TASK DETAILS: Using the material below, print the line that contains "Living Room Low", the line that contains "Cyberpunk Shiba Inu", and every line in between, exactly and nothing else.

AVAILABLE DATA:
--- --- ---

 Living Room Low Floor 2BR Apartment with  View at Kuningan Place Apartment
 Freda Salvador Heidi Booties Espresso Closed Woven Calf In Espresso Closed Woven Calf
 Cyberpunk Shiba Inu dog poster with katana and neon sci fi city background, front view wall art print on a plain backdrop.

--- --- ---

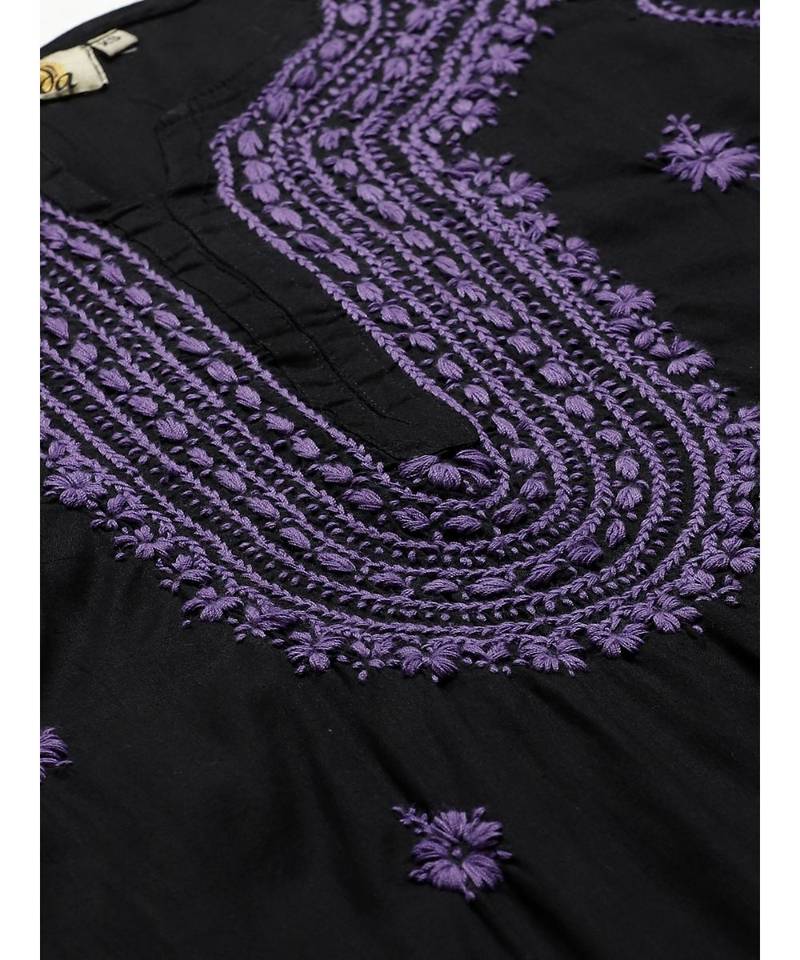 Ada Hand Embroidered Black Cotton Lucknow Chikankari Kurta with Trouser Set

--- --- ---

RESULT FOR THIS TASK:
 Living Room Low Floor 2BR Apartment with  View at Kuningan Place Apartment
 Freda Salvador Heidi Booties Espresso Closed Woven Calf In Espresso Closed Woven Calf
 Cyberpunk Shiba Inu dog poster with katana and neon sci fi city background, front view wall art print on a plain backdrop.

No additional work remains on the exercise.